If you were a better Christian you wouldn't be struggling with
this problem, now would you? Look, I don't care if you are exhausted
and perplexed. You just simply must get over this. You are giving
me a headache."
To your mind, your clueless friend has just told you what you
knew all along: You are a loser, a disappointment to people and
even more of a disappointment to God. Stunned, you react like
molasses in a snowstorm: blinded by what horror is looming in
front of you and nearly crystallized by the freezing weather.

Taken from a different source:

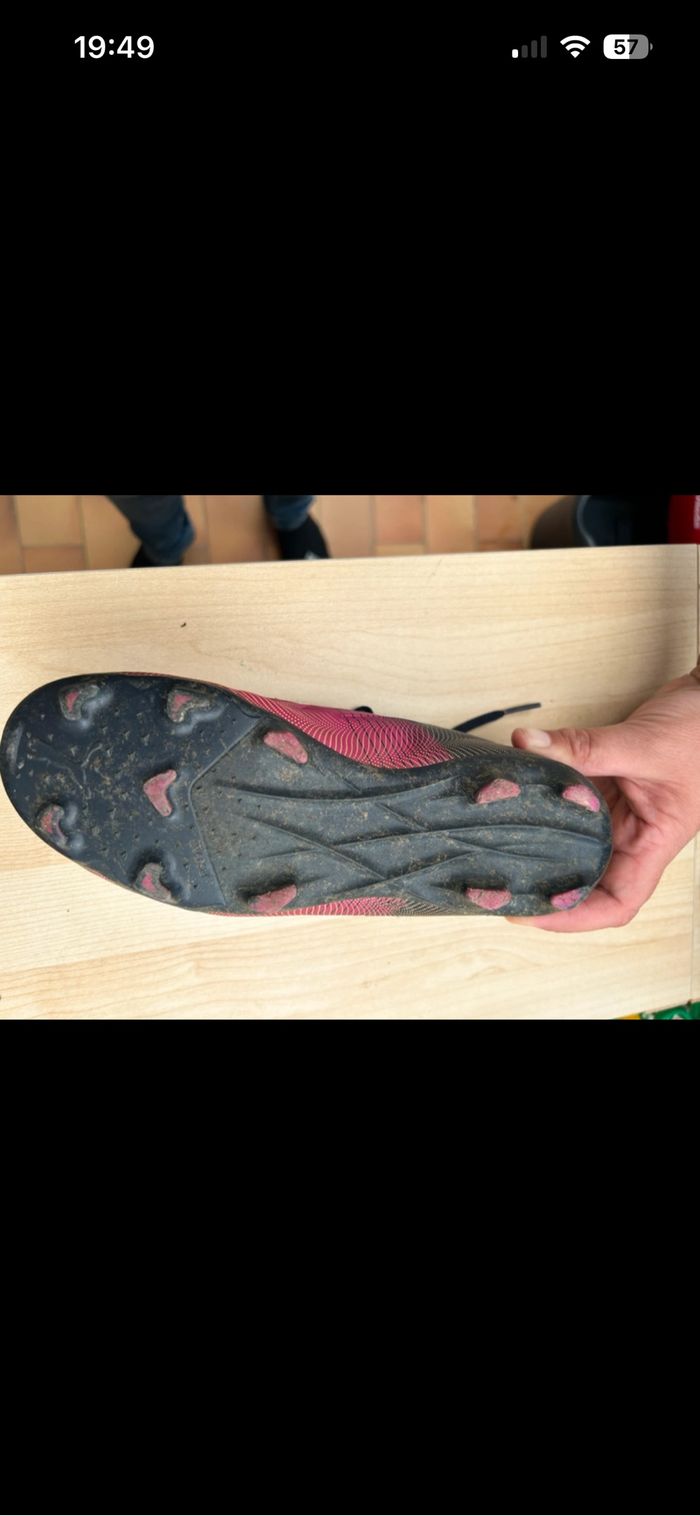 Crampon Puma  football taille 36 - photo numéro 7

You react to a perceived chill in the room. Meanwhile, your friend
can't understand why you aren't following the road to success
with heart-felt passion.
This scenario could have been avoided if you had realized that
it isn't always what someone says that gets you stirred up inside.
Rather, it is your inaccurate and negative frame of reference
that you use to interpret what gets said that can cause emotional
and mental paralysis.
I know; I have been there many times. When I forget to take every
thought captive, when I forget to really own who I am in Christ
according to what Scripture says, and when I forget to choose
to think on what is pure and lovely and true and good, my performance-based
viewpoint rules the way I think about myself and my problems.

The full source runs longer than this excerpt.